Indefinite - Sint-Niklaas, Belgium
The Mercator
Museum, Zamanstraat 49, has been closed since April 3, 2023 for
renovation. The Museum plans to welcome you again in the summer of
2025 in a larger and up-to-date new Museum. The Museum will display a
chronological story of cartography, from ancient times to today. In
this story, the figure and work of Gerard De Cremer (Rupelmonde 1512
- 1594 Duisburg) - aka Gerard Mercator - is placed in the spotlight.

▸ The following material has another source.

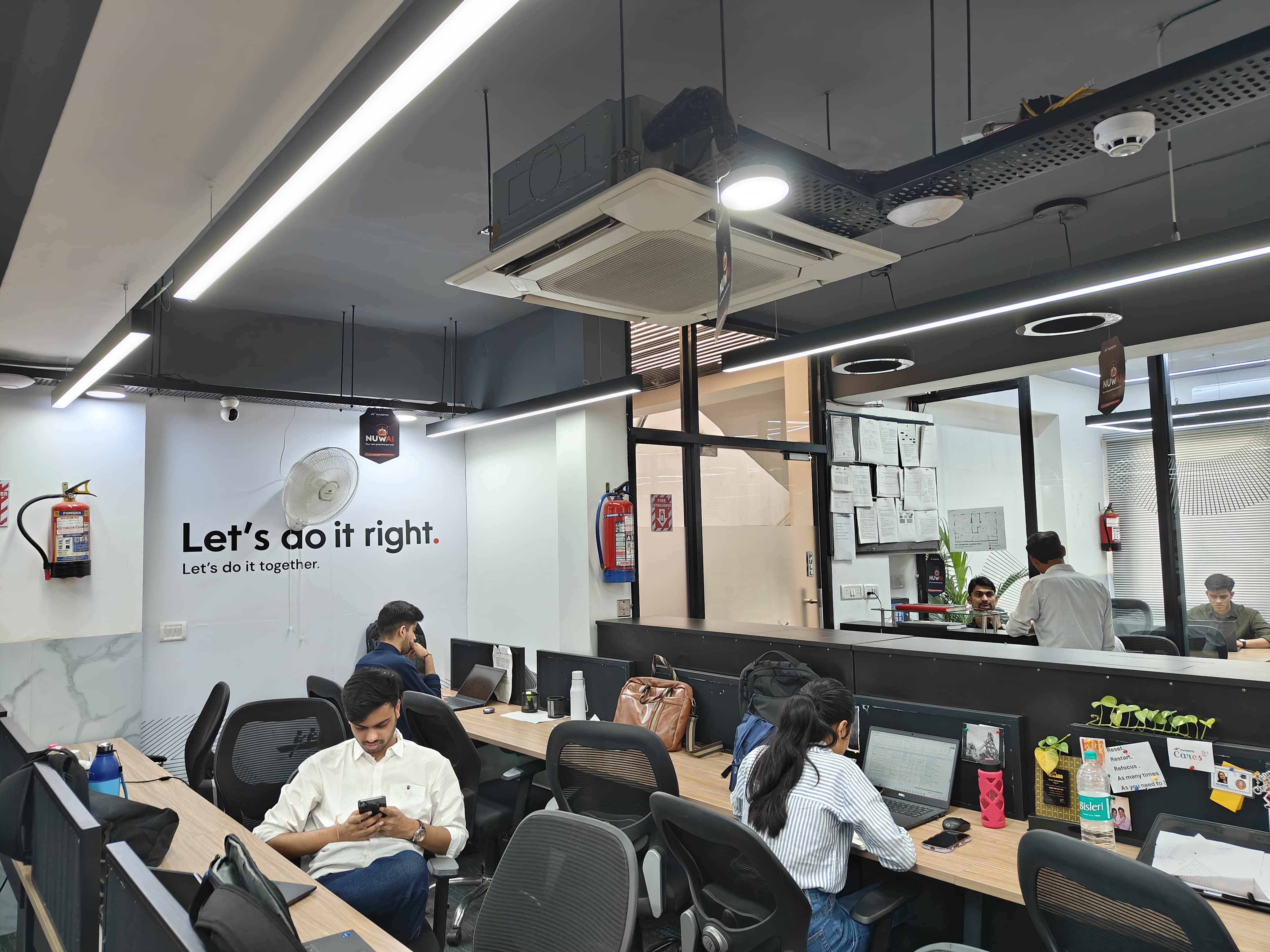 Team workspace with desks and partitions at AtWork FinTech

His rare earth globe (1541) and celestial globe (1551), recently
included in the Flemish masterpieces list, remain the highlights of
the museum. The rich collection of atlases, including his first
Ptolemy edition 1584, shines in the showcases. The story is
complemented by a carefully chosen selection of maps and atlases from
the 17th to the early 20th century.
Indefinite –
Sydney
Visitors to the State
Library of New South Wales can explore five centuries of
cartography from around the world in one place in the Map
Rooms. Across two beautiful rooms visitors will find some of the
most important maps, globes and navigation instruments from the
Library's maps collection - arguably the most significant in
Australia. One of the major highlights is a chart of the
Indian Ocean and Asia — one of only four copies in the world —
printed on vellum by Jacob Colom in 1633. Other highlights
include: an extremely rare 1515 map by Albrecht Dürer and
Johannes Stabius depicting the world as a sphere; a beautiful
hand-coloured copy of the iconic nineteen counties (the legal
boundaries of the colony up to that date) map produced by Sir Thomas
Mitchell in 1834; the 1940 Tindale map showing the distribution
of Aboriginal nations in NSW; and a selection of
rare early maps showing the gradual colonisation and expansion of
Sydney from a penal settlement to a bustling metropolis. The Map
Rooms are located on the first floor of the Mitchell Building, 1
Shakespeare Place, open every day.
Indefinite - Tampa, Florida
The
Touchton
Map Library and Florida Center for Cartographic Education, at The
Tampa Bay History Center, 801 Old Water Street, is home to more
than 8,000 maps, charts and other documents dating back from the
early European exploration of North America more than 500 years ago
up through the early 21st century. A rotating exhibition of selected
maps from the collection can be viewed in the Saunders Foundation
Gallery.
Indefinite - Vienna
The Globe
Museum of the Austrian National Library, Palais Mollard,
Herrengasse 9, is the world's only institution devoted to the study
of globes and related instruments like armillary spheres and
planetariums. On display in eight rooms are many of the more than 460
globes owned by the Museum. Additionally there is a bilingual (German
and English) multimedia presentation about globe history, globe
making, and the use of globes. Additional information from
globen(at)onb.ac.at or Tel.: (+43 1) 534 10-710 or Fax: (+43 1) 534
10-319.
Indefinite – Washington
In 2011, Albert H. Small
donated to George Washington
University Museum, 701 21st Street NW, his unrivaled collection
of 1,000 maps and prints, rare letters, photographs, and drawings
that document the history of Washington, DC. A
Collector’s Vision: Creating the Albert H. Small Washingtoniana
Collection presents highlights of the Albert H. Small
Washingtoniana Collection, including Mr. Small's first acquisition
and other items that explore what motivates individuals to collect.
Indefinite –
Williamsburg
The first large-scale expansion and upgrade to
the building that houses the Art
Museums of Colonial Williamsburg since they were first joined
under one roof in 2007 is complete. Guests at the DeWitt Wallace
Decorative Arts Museum and the Abby Aldrich Rockefeller Folk Art
Museum are now able to enjoy an enhanced visitor experience through a
new wing that adds 65,000 square feet to the building, numerous
improved amenities as well as several new exhibitions. A new
exhibition Promoting
America: Maps of the Colonies and the New Republic, explores
how America’s indigenous peoples, flora, fauna and landscapes
influenced iconography on maps of the continent and how those symbols
changed, evolved or stayed the same over the course of two centuries.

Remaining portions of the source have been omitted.